I'd like to have a table, which only contains the top n rows per group. Consider this table:
Field | Type
--------------------------------------------
a | VARCHAR(STRING) (primary key)
b | VARCHAR(STRING) (primary key)
c | VARCHAR(STRING) (primary key)
d | INTEGER
For every group (denoted by the primary key), I need e. g. the 10 rows with the highest value in column d. d is an aggregation over {a, b, c}, which sums up column c. This works pretty easy in normal SQL with ROW_NUMBER()
, as described here: How do I use ROW_NUMBER()? , where you simply assign a number to every row, which depicts the row's placement in descending order depending on the value of column d.

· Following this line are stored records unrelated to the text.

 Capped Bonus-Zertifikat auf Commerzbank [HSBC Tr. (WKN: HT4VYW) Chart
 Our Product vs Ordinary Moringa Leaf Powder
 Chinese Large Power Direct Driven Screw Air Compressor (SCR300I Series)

Unfortunately, ksql doesn't support subqueries yet, which you need for ROW_NUMBER()
. https://github.com/confluentinc/ksql/issues/745 I'm also not quite sure whether ksql supports ROW_NUMBER()

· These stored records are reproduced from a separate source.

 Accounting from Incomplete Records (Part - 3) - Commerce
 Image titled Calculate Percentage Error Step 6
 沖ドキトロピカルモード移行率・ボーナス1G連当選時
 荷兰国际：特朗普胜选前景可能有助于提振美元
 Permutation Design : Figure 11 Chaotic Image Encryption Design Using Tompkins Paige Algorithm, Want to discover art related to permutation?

, I think not, since I haven't found anything in the documentation and didn't manage to run it by myself.
I also found the TOPK
function in ksql, but that doesn't seem to work as expected. https://docs.ksqldb.io/en/latest/developer-guide/ksqldb-reference/aggregate-functions/#topk
There is an issue about it on GitHub https://github.com/confluentinc/ksql/issues/403 . When I run it by myself, I obtain a column with an array with the top n values for {a, b}, which I can't map to the according values of column c. So that doesn't work as well. Example of what TOPK
yields for k = 5:
a | b | d
--------------------------------------------
val1 | val2 | [10, 8, 6, 4, 2]
val1 | val4 | [7, 3, 3, 1, 0]
val1 | val6 | [5, 4, 3, 2, 1]
Here is an example of what I actually need, assuming that {10, 8, 6, 4, 2} are the 5 biggest values of d. For {a, b}, I want the values of c with the 5 biggest values of d.
a | b | c | d
--------------------------------------------
val1 | val2 | val3 | 10
val1 | val2 | val8 | 8
val1 | val2 | val9 | 6
val1 | val2 | val10 | 4
val1 | val2 | val11 | 2
Now, is there any possibility to do a top-n query in ksql? Or is it on the roadmap for future releases? Thanks.